### Exercise instructions
Give again, word for word, the lines below that run from the line with "Let It Thrive" through the line with "BC-7600 Series Auto". Drop the pictures.

### Data for review
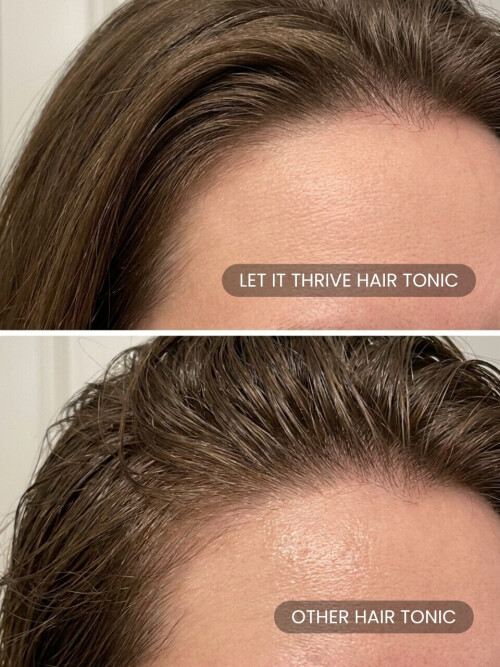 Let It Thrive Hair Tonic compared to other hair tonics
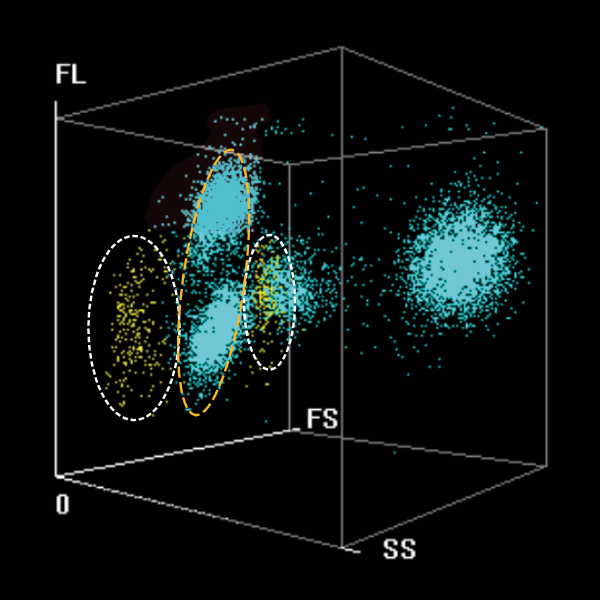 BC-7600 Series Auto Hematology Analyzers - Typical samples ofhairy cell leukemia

==

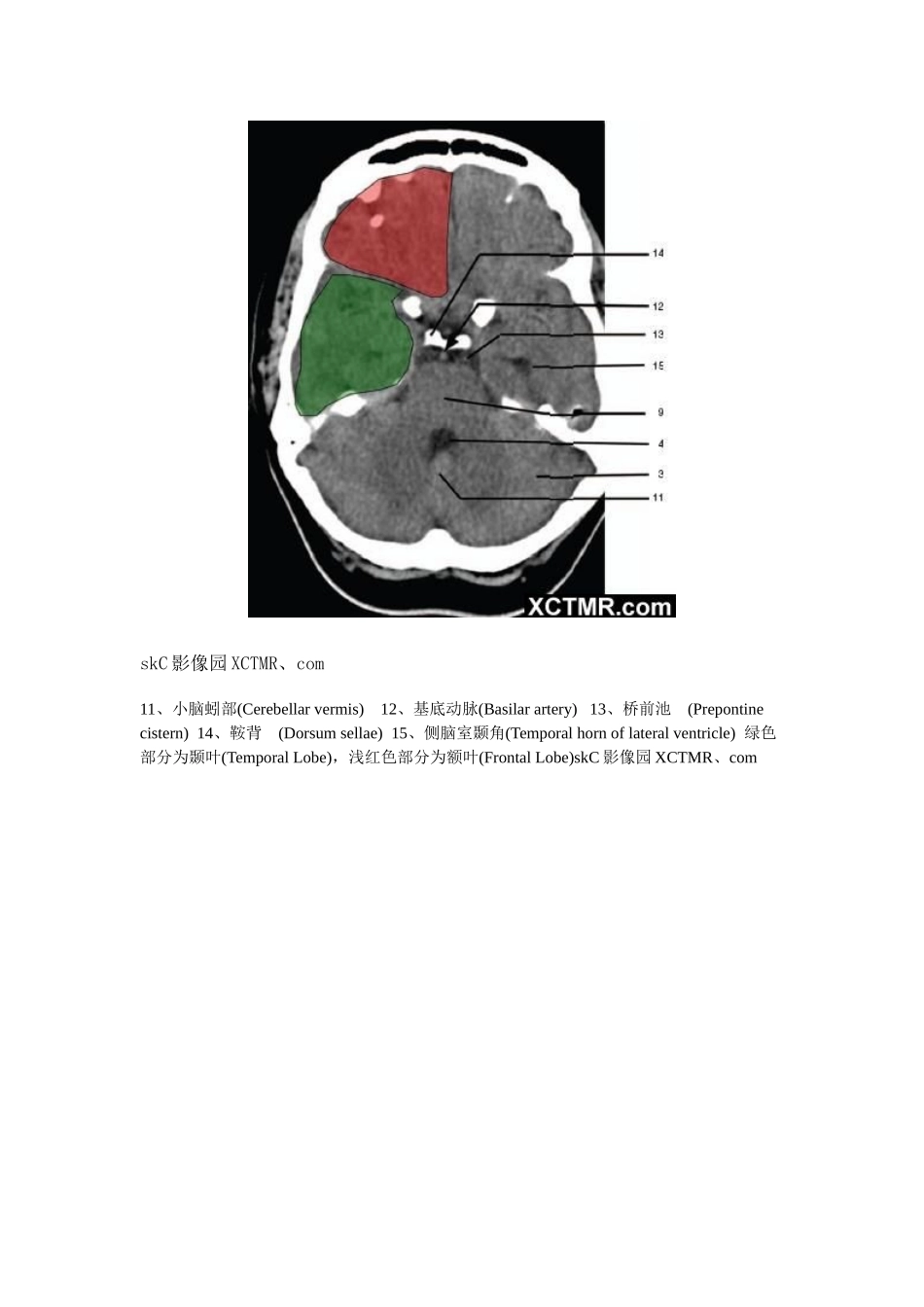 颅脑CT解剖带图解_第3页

### Problem solution
 Let It Thrive Hair Tonic compared to other hair tonics
 BC-7600 Series Auto Hematology Analyzers - Typical samples ofhairy cell leukemia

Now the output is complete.